Ragged data structures supported to some extent with workarounds for places where either keras or tensorflow are still missing support. Only tensors ragged in the first dimension are supported so far, meaning, e.g. a different number of inputs per event, but each input having the same feature length (or more dimensions with fixed sizes). This should cover most usecases already. To create a ragged data structure, the function convertFromSourceFile(self, filename, weighterobjects, istraining, **kwargs) must not return a list of numpy arrays, but a list of DeepJetCore.SimpleArray, which is a DeepJetCore class supporting ragged structures. This array can be constructed from two numpy arrays: one describing the row splits (as int, in the same format as tensorflow ragged array row splits) and one containing the data, where the 0th and 1st dimensions are flattened. Then the array can be filled by invoking createFromNumpy(data, row_splits. For training, the model will receive a list of tensors, where the first one will be the data and the second the row splits. The same applies to the truth. This circumvents incomplete keras support for the moment.

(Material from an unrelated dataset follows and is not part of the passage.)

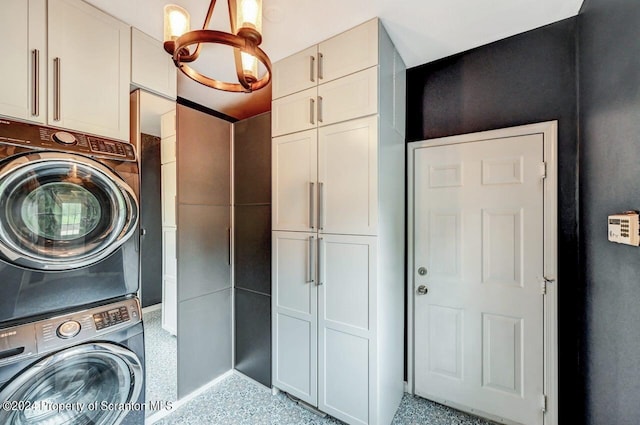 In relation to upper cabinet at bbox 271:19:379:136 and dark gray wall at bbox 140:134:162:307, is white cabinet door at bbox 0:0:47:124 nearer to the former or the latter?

Using the data pipeline directly

The data pipeline can also be used without the training_base class sourrounding it. The DataCollection can be opened and a generator function can be invoked that returns the data batch-by-batch. An example is given here:

from DeepJetCore.DataCollection import DataCollection
train_data = DataCollection("path/to/your/dataCollection.dc")

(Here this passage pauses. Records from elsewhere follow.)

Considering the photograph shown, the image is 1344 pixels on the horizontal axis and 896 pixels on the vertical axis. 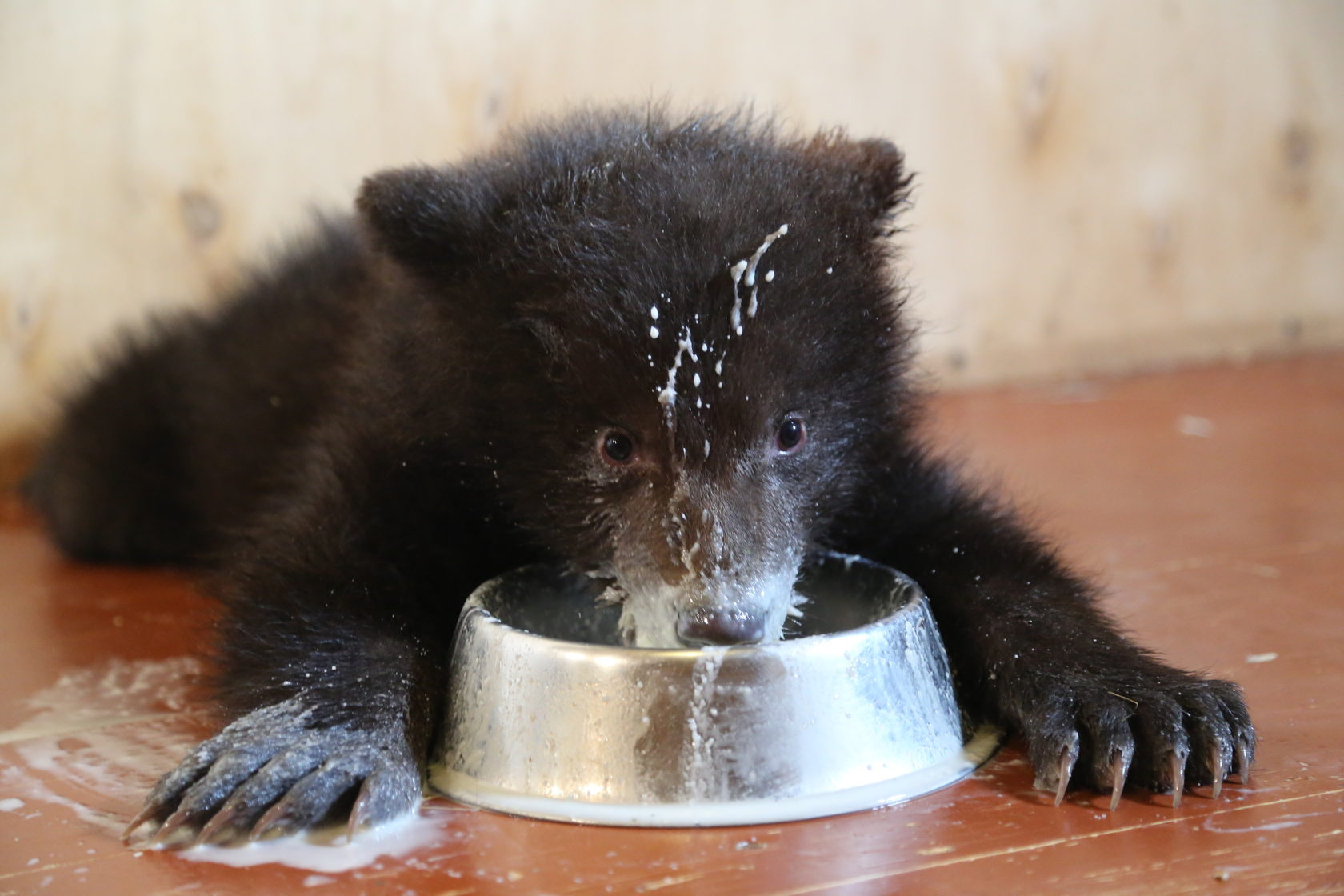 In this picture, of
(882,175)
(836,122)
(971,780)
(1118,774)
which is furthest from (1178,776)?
(836,122)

# splits off 10% of the training dataset for validation. Can be used in the same way as train_data
val_data=train_data.split(0.9) 

# Set the batch size. 
# If the data is ragged in dimension 1 (see convert options), 
# then this is the maximum number of elements per batch, which could be distributed differently
# to individual examples. E.g., if the first example has 50 elements, the second 48, and the third 30,
# and the batch size is set to 100, it would return the first two examples (in total 99 elements) in 
# the first batch etc. This is helpful to avoid out-of-memory errors during training

train_data.setBatchSize(100) 

# prepare the generator

gen = train_data.invokeGenerator()

# loop over epochs here ...

gen.shuffleFileList()
gen.prepareNextEpoch()

# this number can differ from epoch to epoch for ragged data!
nbatches = gen.getNBatches()
generator=gen.feedNumpyData()

for b in range(nbatches):
    
    #should not happen unless files are broken (will give additional errors)
    if gen.isEmpty():
        raise Exception("ran out of data") 
    
    # weights are optional, each of these is a list of numpy arrays
    features_list, truth_list,  weight_list = next(generator)
    
    # do your training
    
    
# end epoch loop

For developers

For developing the best strategy is to create a container or just run it, and then redirect the paths etc to the development directory. This can be done conveniently by sourcing the file docker_env.sh. After sourcing the environment, the package needs to be compiled by running make -j5 in the compiled directory.